ACTION ITEM: I'd ask you to write out the lines below exactly, with no images.

[Records contained in a dataset]
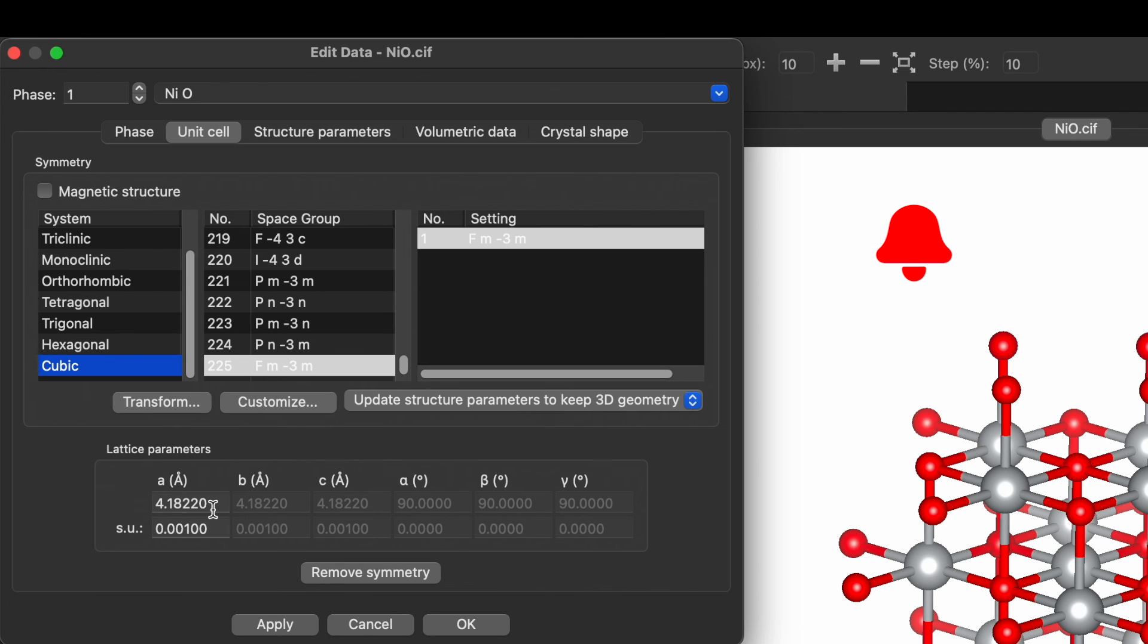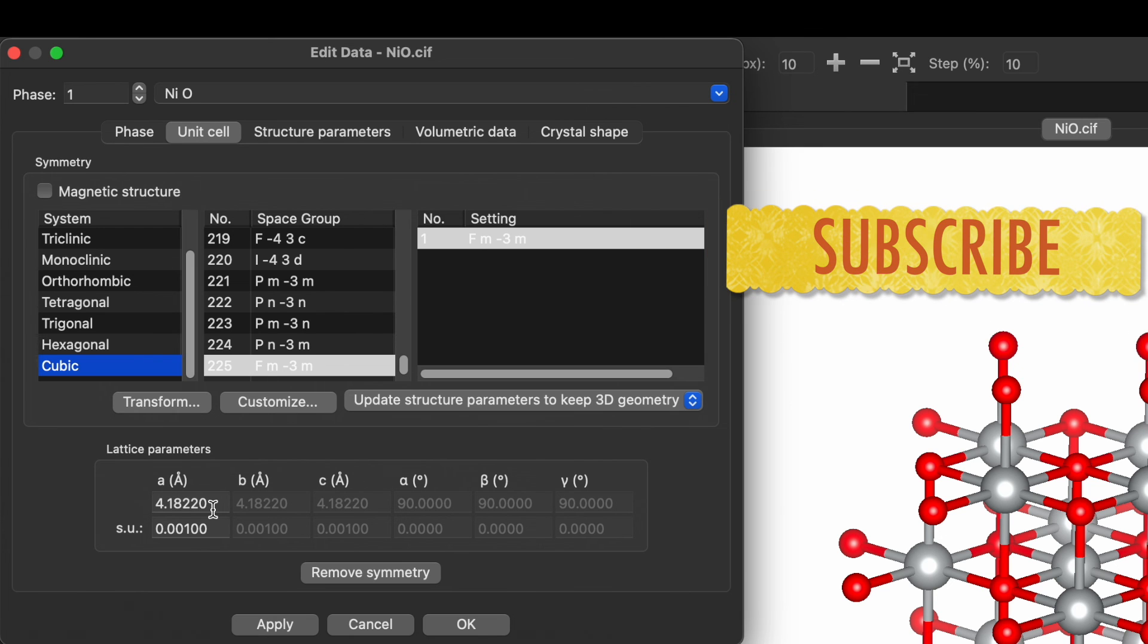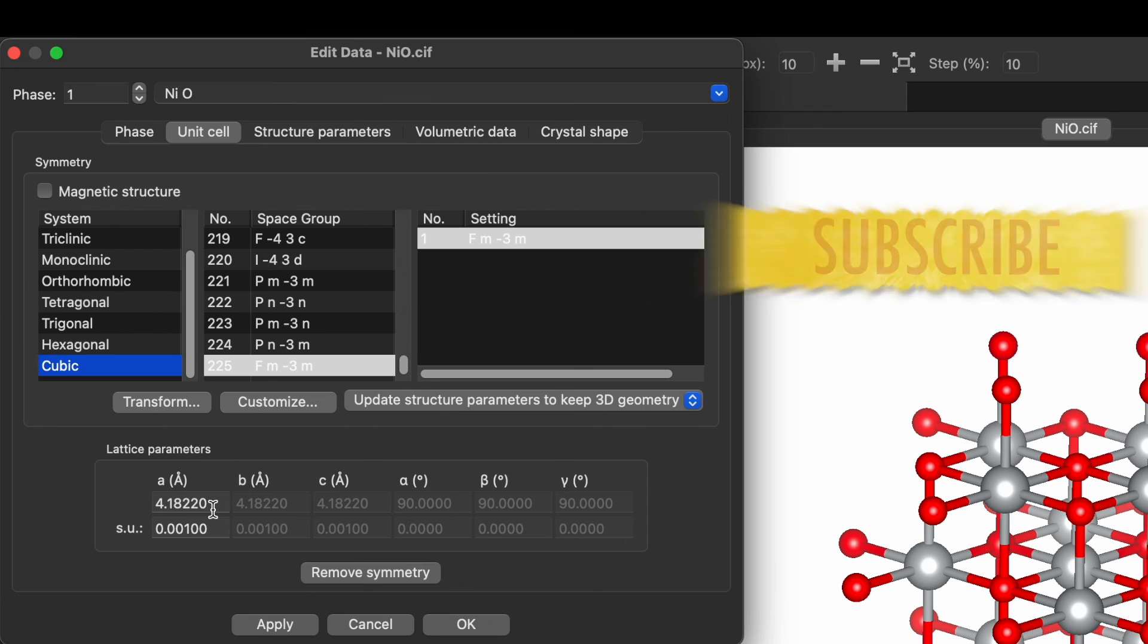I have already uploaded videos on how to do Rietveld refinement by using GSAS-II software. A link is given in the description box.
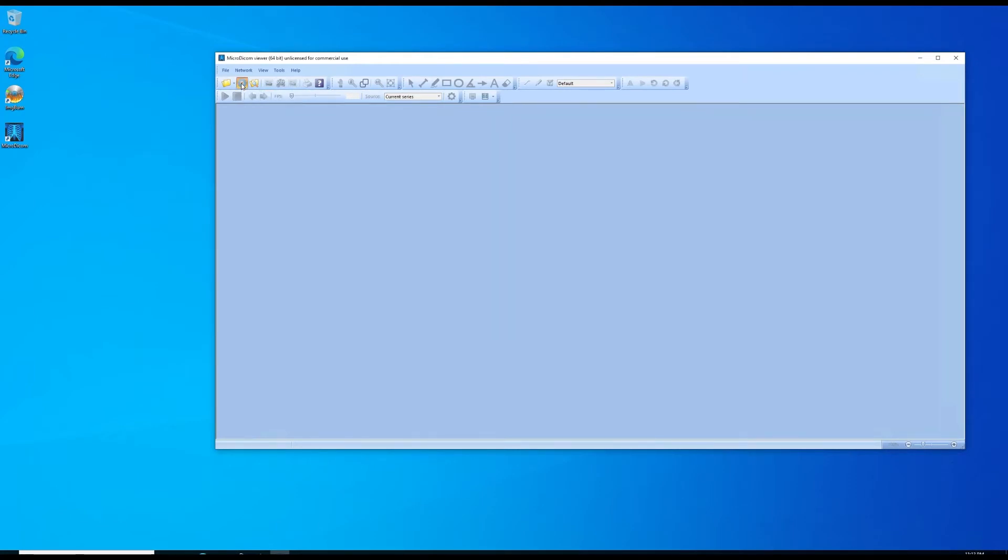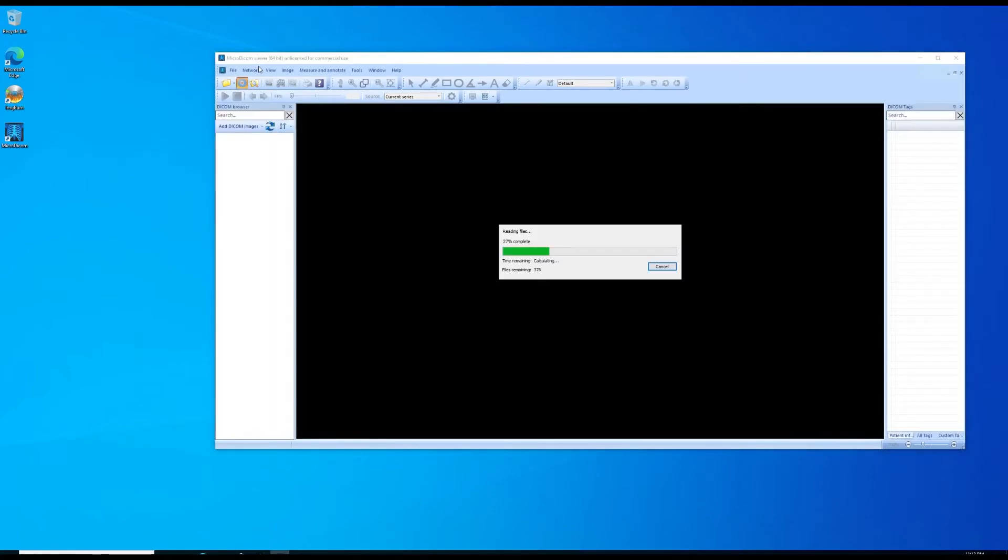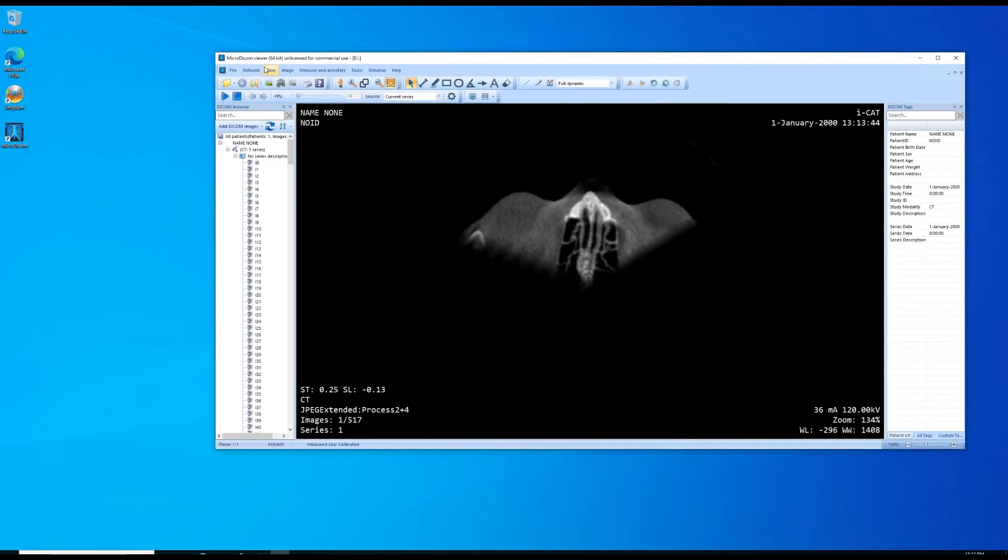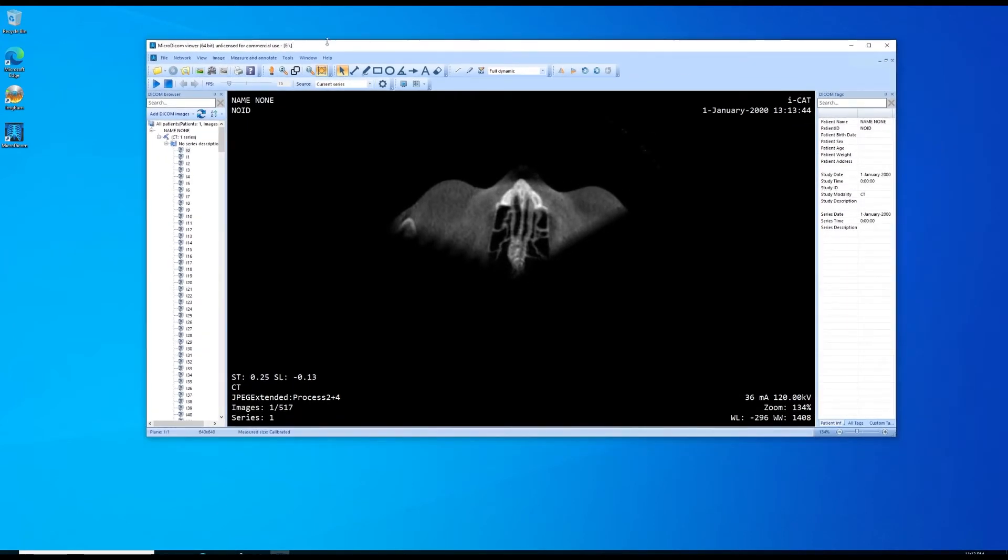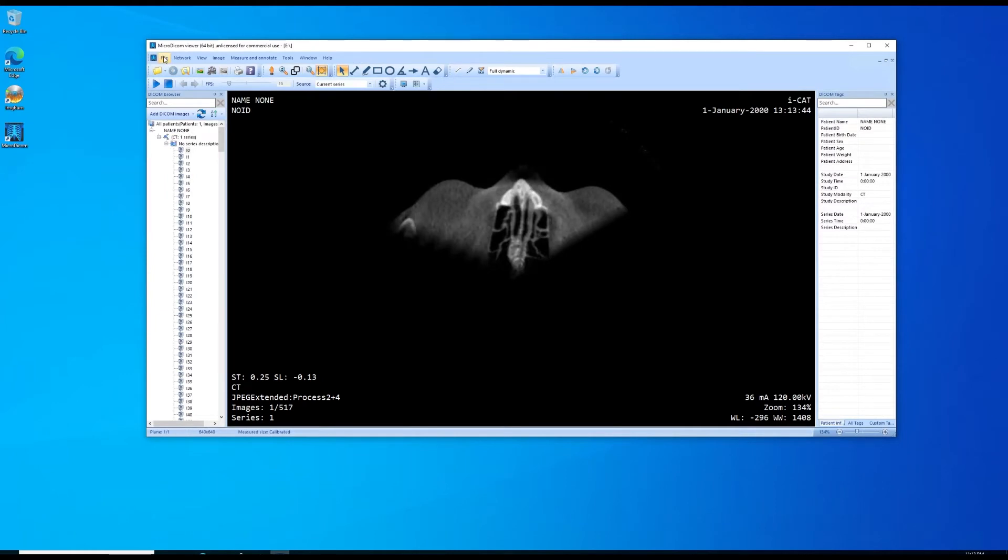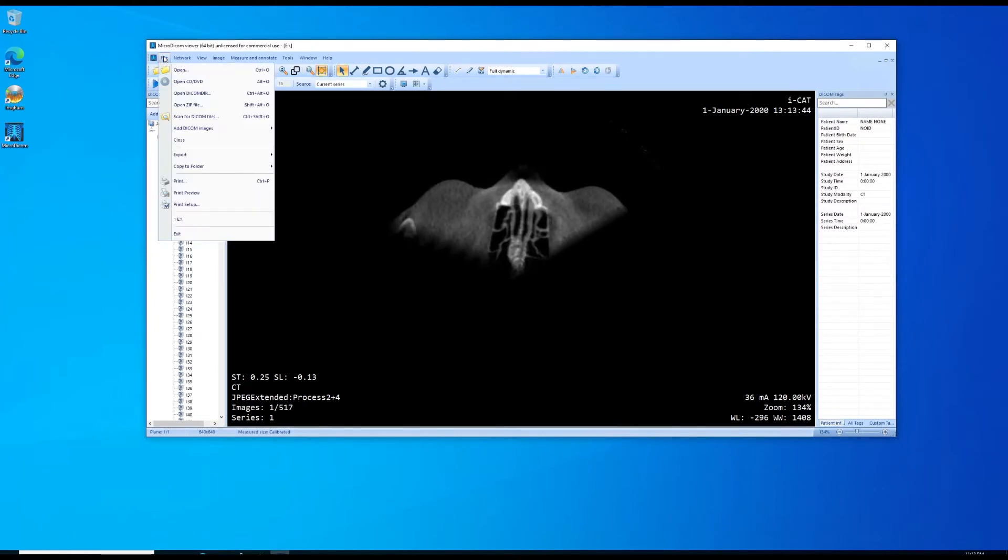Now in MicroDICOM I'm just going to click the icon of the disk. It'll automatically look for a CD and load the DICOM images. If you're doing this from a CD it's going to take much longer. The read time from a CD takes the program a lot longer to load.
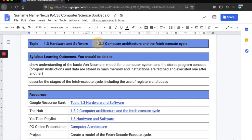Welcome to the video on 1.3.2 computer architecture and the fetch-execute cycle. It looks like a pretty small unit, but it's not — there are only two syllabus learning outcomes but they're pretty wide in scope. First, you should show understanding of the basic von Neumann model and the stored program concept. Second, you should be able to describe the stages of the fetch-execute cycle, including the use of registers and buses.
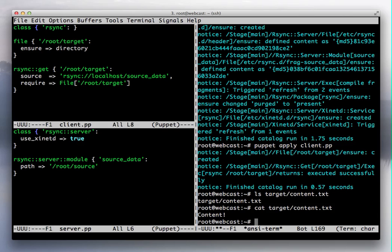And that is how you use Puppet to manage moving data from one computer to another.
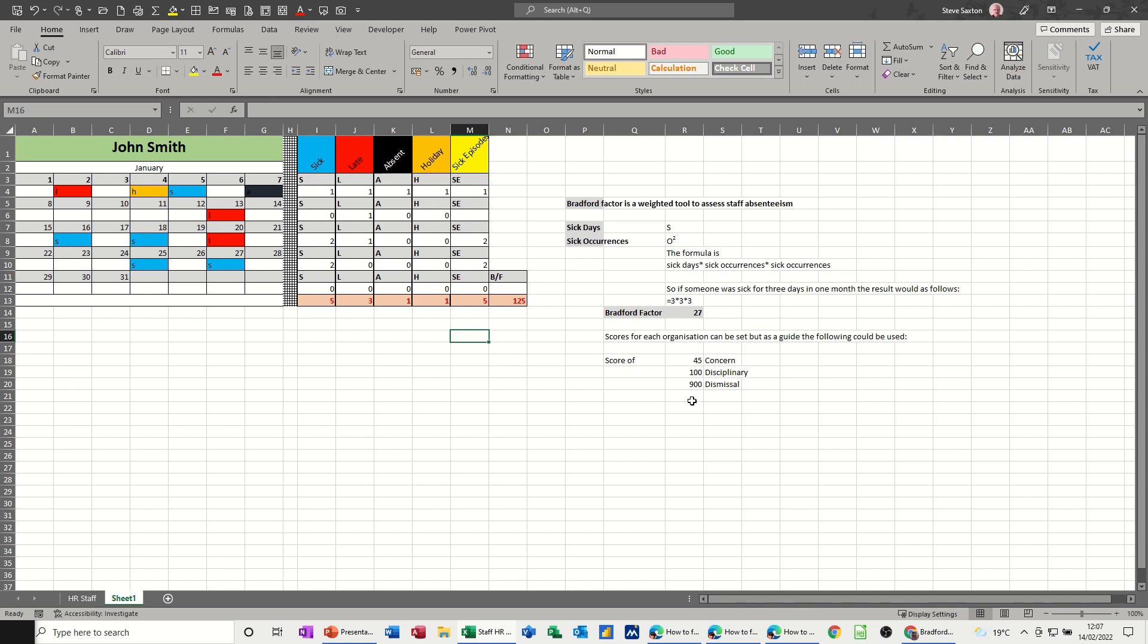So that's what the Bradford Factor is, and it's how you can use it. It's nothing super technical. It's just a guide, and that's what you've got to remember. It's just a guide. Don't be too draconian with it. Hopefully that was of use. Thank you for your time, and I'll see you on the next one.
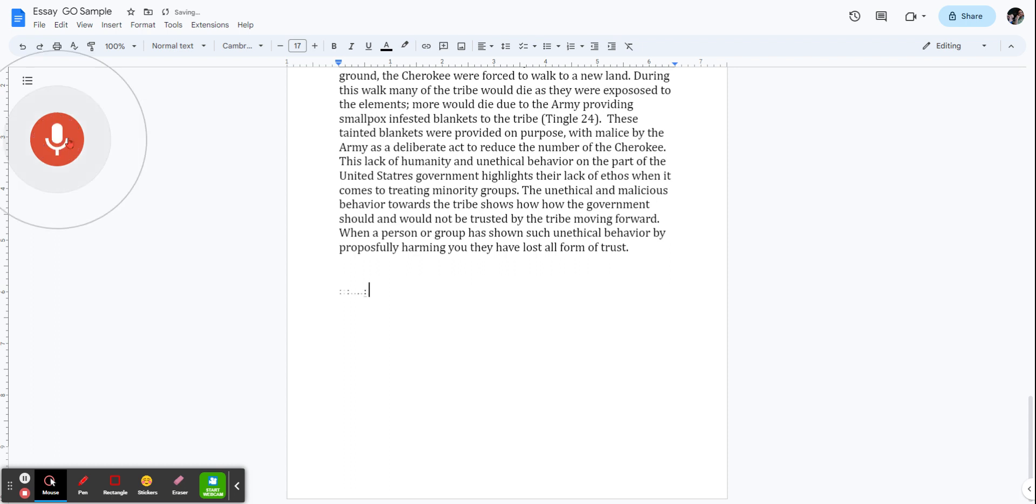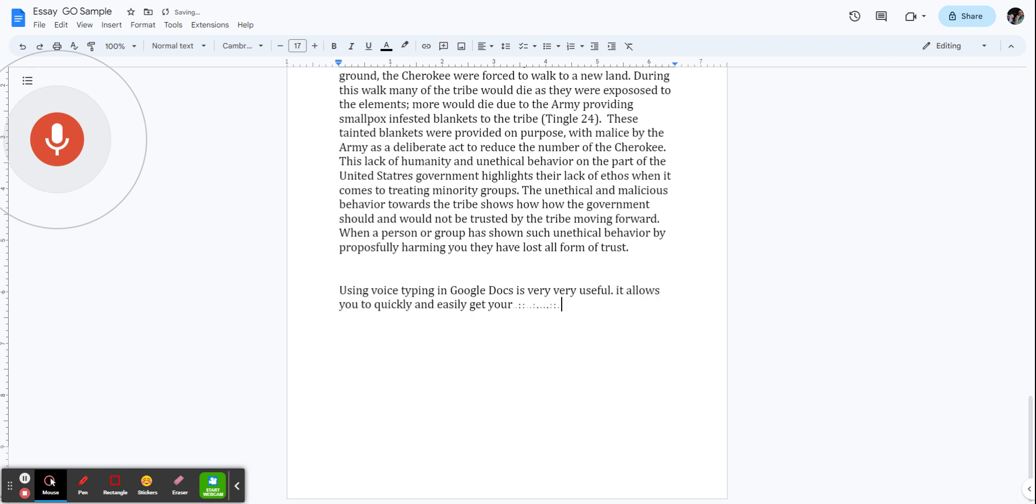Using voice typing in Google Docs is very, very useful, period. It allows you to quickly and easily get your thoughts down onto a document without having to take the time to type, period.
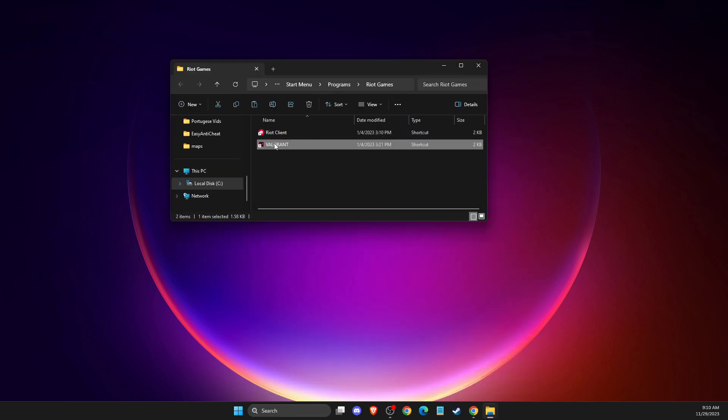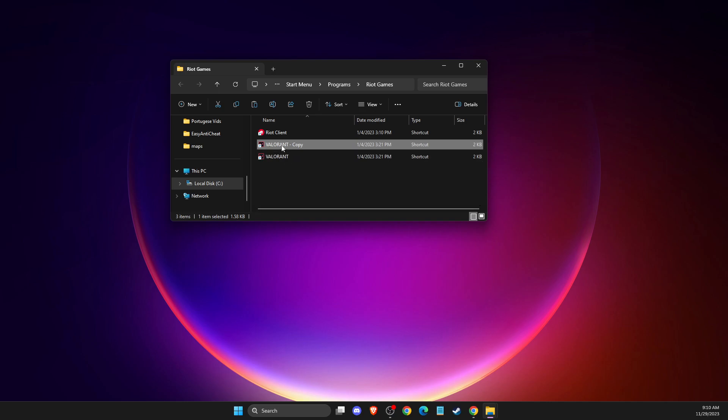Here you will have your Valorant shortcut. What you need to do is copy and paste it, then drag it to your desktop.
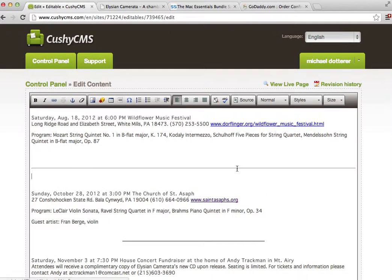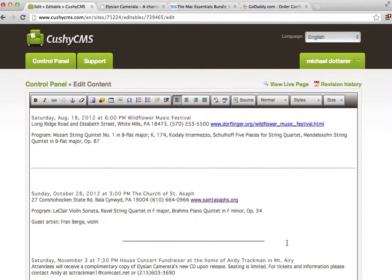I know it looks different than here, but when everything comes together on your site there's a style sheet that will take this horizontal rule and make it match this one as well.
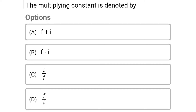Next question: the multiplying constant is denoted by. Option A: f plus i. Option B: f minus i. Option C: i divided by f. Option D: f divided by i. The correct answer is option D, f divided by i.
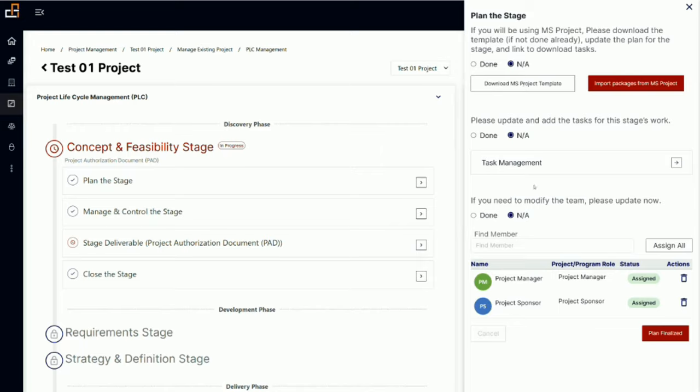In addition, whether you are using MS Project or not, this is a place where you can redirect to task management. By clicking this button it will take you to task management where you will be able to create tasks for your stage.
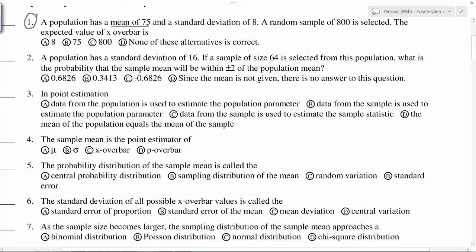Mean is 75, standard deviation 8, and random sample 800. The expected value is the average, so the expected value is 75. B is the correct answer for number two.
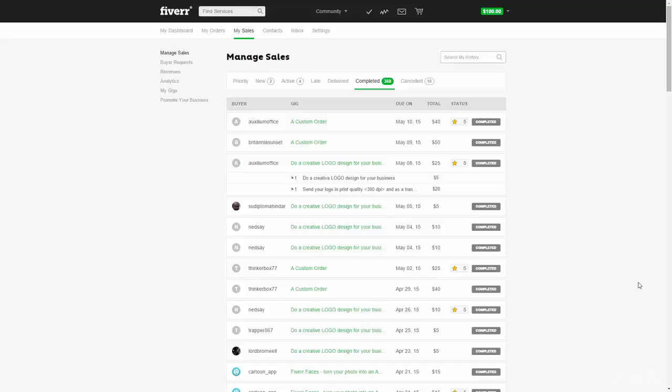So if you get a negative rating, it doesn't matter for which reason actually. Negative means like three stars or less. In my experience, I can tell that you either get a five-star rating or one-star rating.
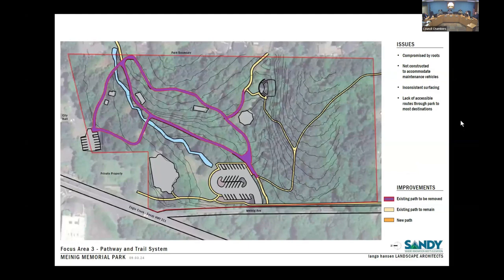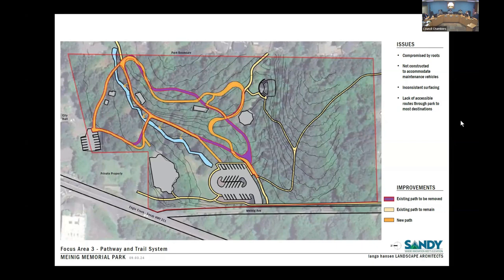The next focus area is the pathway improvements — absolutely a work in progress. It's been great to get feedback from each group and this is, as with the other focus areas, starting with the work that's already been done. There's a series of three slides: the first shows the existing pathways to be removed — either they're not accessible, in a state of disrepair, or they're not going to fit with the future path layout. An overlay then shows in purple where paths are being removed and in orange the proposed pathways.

OUTPUT FOR THIS TASK:
I have already uploaded videos on how to do Rietveld refinement by using GSAS-II software. A link is given in the description box.
Now in MicroDICOM I'm just going to click the icon of the disk. It'll automatically look for a CD and load the DICOM images. If you're doing this from a CD it's going to take much longer. The read time from a CD takes the program a lot longer to load.
Welcome to the video on 1.3.2 computer architecture and the fetch-execute cycle. It looks like a pretty small unit, but it's not — there are only two syllabus learning outcomes but they're pretty wide in scope. First, you should show understanding of the basic von Neumann model and the stored program concept. Second, you should be able to describe the stages of the fetch-execute cycle, including the use of registers and buses.
And that is how you use Puppet to manage moving data from one computer to another.
So that's what the Bradford Factor is, and it's how you can use it. It's nothing super technical. It's just a guide, and that's what you've got to remember. It's just a guide. Don't be too draconian with it. Hopefully that was of use. Thank you for your time, and I'll see you on the next one.
Using voice typing in Google Docs is very, very useful, period. It allows you to quickly and easily get your thoughts down onto a document without having to take the time to type, period.
Here you will have your Valorant shortcut. What you need to do is copy and paste it, then drag it to your desktop.
I know it looks different than here, but when everything comes together on your site there's a style sheet that will take this horizontal rule and make it match this one as well.
Next question: the multiplying constant is denoted by. Option A: f plus i. Option B: f minus i. Option C: i divided by f. Option D: f divided by i. The correct answer is option D, f divided by i.
In addition, whether you are using MS Project or not, this is a place where you can redirect to task management. By clicking this button it will take you to task management where you will be able to create tasks for your stage.
Mean is 75, standard deviation 8, and random sample 800. The expected value is the average, so the expected value is 75. B is the correct answer for number two.
So if you get a negative rating, it doesn't matter for which reason actually. Negative means like three stars or less. In my experience, I can tell that you either get a five-star rating or one-star rating.
The next focus area is the pathway improvements — absolutely a work in progress. It's been great to get feedback from each group and this is, as with the other focus areas, starting with the work that's already been done. There's a series of three slides: the first shows the existing pathways to be removed — either they're not accessible, in a state of disrepair, or they're not going to fit with the future path layout. An overlay then shows in purple where paths are being removed and in orange the proposed pathways.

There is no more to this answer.